Meanwhile ‘the issue of territory was repeatedly fudged’. Rehmat Ali, the young Cambridge scholar who coined the acronym Pakistan in the early ’30s, had a ‘pan-subcontinental’ view of Pakistan based on doctrinaire rather then physical borders regardless of demographic and communal (Hindu-Muslim) ratios of the respective areas or the zones. His was virtually a formula for the Balkanisation of India with the territorial and administrative balance titled heavily in favour of the Muslim minority.

Rehmat Ali’s notional map showed a ‘fragmented patchwork of the subcontinent’ including such largely princely states as Hyderabad and Bhopal and cities like Aligarh and Delhi with predominantly Hindu population as independent entities outside India’s body politic and parts of Muslim Pakistan. Rehmat Ali’s Pakistan was ‘an imaginary nationalistic dream as well as a cold territorial reality.’ The dream was dominated by wishful thinking or an ecstatic vision of a Utopia sans cartography — almost a heaven on earth. One is irresistibly reminded here of the ‘Cloud-Cuckoo Land’ of Aristophanes in The Birds, one of his best surviving plays, ‘where the birds are kings and gods’: a Utopian sort of a commonwealth.

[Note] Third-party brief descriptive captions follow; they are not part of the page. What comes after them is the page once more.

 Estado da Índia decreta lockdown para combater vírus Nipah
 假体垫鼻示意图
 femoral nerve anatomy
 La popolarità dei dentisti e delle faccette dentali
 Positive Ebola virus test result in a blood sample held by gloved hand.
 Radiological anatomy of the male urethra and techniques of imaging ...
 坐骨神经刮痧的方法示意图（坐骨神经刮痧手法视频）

Imagine a land mass as big as India being divided ‘against the clock’ in some five weeks. Radcliffe arrived in India on July 8, 1947, and by August 17 his Boundary Commission award was out in its absolute finality beyond any question.

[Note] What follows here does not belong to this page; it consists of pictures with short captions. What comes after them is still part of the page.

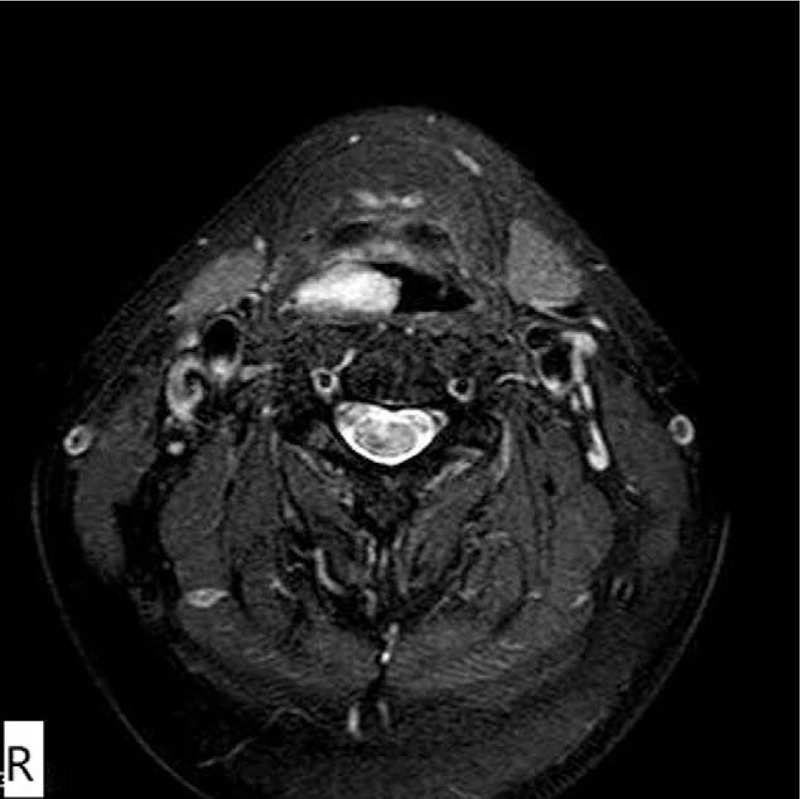 Hypopharyngeal mass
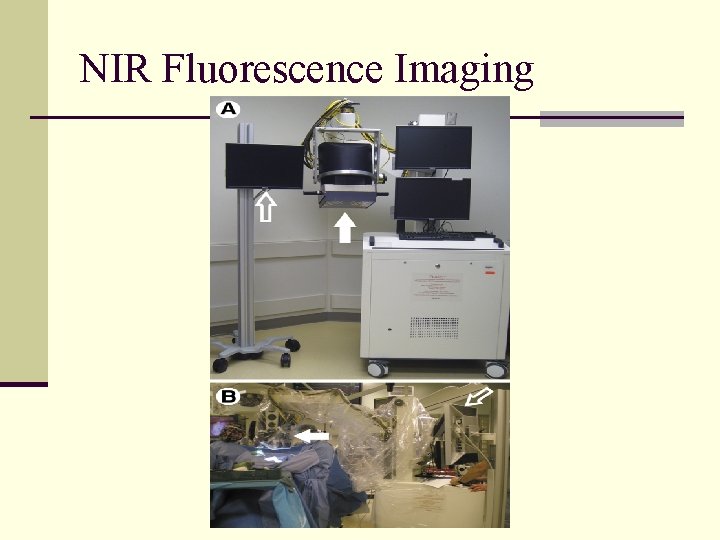 NIR Fluorescence Imaging 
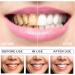 Teeth Whitening Abbey - 2-Piece Whitening Pen Set | Effective Stain Removal & Brightening Gel for White Teeth - Buy Online on GoSupps.com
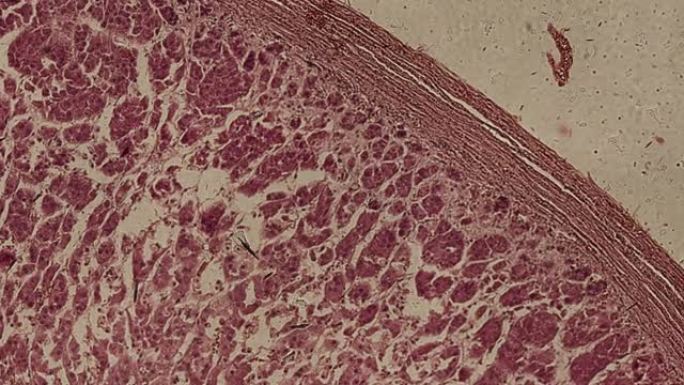 在显微镜下撞击和肿胀的人肝细胞的显微照片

The ‘open-ended, conveniently ambiguous Pakistan demand’ came ‘crashing into territorial realities of population ratios and land usage’. The border drawn was little more than an ‘unknown border line’ open to endless mutually conflicting, antagonistic interpretations, endangering the cross-border peace and harmony of the two neighbours, born out of a huge trust deficit. The June 3 plan had been ‘so rushed’ and ‘inadequately’ thought out, that it had been difficult to decide ‘who was a rightful Pakistani and who was a rightful Indian.’ At the stroke of midnight on August 14, 1947, centuries old fellow citizens, even families, stood divided without a tangible thought about their status as to which state and society they actually belonged.Was it a casual leave taking or a traumatic farewell for ever? How on earth could such a catastrophic metamorphosis — from one of a compatriot to a foreigner — take place overnight? None of the leadership on either side of the divide had prepared the people, even remotely, to mentally accept the wages of the holocaust and lessen its stunning impact.

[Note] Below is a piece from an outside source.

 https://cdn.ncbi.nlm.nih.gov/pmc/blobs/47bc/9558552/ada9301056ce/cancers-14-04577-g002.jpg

Besides the great human tragedy accompanying the infamous Radcliffe award, there were a ‘variety of eccentric features’ it ‘bestowed’ on the subcontinent’s political geography. The award created a ‘geographical settlement’ difficult to manage ‘at the best of times, even if all parties were in agreement.’

In Punjab the ‘most contested’ parts were Lahore, Amritsar, Gurdaspur, Hoshiarpur and Jullundar. In Bengal, Murshidabad and Malda the two Muslim majority districts, notionally conceded to Pakistan were awarded to India. The Pakistan flag raised at the district headquarters in Malda was suddenly replaced by the Indian flag on August 17.

The author candidly highlights the problems involved in the division of the military forces on religious lines and their role in accelerating partition. She writes at some length about the outbreak of the massive naval mutiny in Bombay in February 1946. Thousands of naval staff mutinied against the harsh behaviour of their British officers and ‘low pay and bad food’. The naval mutiny almost coincided with the disbandment of the Azad Hind Fauj of Subhash Chandera Bose after the surrender of the Japanese forces.

The Second World War and Partition ‘bled’ into each other hastening partition. Nearly half a million Indian soldiers had to be ‘cut and pasted into the new national formation’. The task, which Auchinleck had ‘reckoned’ would take five to 10 years had to be completed by March 1948 in all respects.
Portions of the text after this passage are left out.